The area was the site of the first European settlement in what later became Buenos Aires. Its south–north axis runs along Leandro Alem Avenue, from Belgrano Avenue in the south to Retiro railway station in the north, and its east–west axis runs from the Buenos Aires Ecological Reserve to Ninth of July Avenue. The district is centered around the San Nicolás ward, and includes the northern section of Montserrat, the section of Retiro south of Santa Fe Avenue, and the section of Puerto Madero west of the Buenos Aires Docklands.

The district is the financial, corporate, and cultural hub of Buenos Aires, and of Argentina. The economy of Buenos Aires was the 13th largest among the world's cities in 2006 at US$245 billion in purchasing power parity,[1] which, based on the population of that year,[2] translates into US21,500 per capita. The Buenos Aires Human Development Index (0.925 in 1998) is likewise high by international standards.[3] The Port of Buenos Aires is one of the busiest in South America; navigable rivers by way of the Río de la Plata connect the port to northeastern Argentina, Brazil, Uruguay and Paraguay. As a result, it serves as the distribution hub for a vast area of the south-eastern region of the South American continent. Tax collection related to the port has caused many political problems in the past.

Buenos Aires CBD lies in the Pampa region, except some zones like the Buenos Aires Ecological Reserve, the Boca Juniors (football) Club "sports city", Jorge Newbery Airport, the Puerto Madero neighborhood and the main port itself. These latter were all built on reclaimed land along the coast of the Rio de la Plata (the world's largest estuary).
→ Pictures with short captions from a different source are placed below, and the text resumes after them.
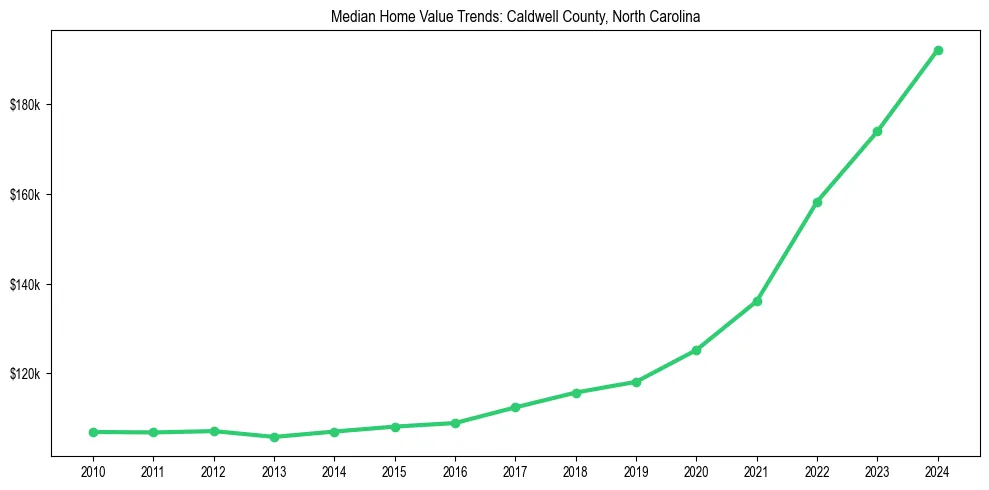 Median property value trends in 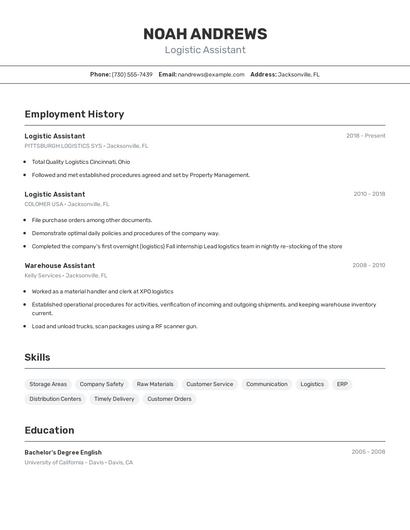 Resume example 2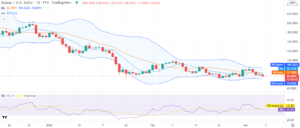 Solana price analysis: SOL faces rejection at $90. Priming for revival? PlatoBlockchain Data Intelligence. Vertical Search. Ai.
The region was formerly crossed by different creeks and lagoons, some of which were refilled and other tubed. Among the most important creeks are: Maldonado, Vega, Medrano, Cildañez and White. In 1908 many creeks were channeled and rectified, as floods were damaging the city's infrastructure. Starting in 1919, most creeks were enclosed. Notably, the Maldonado was tubed in 1954, and currently runs below Juan B. Justo Avenue (north of this district).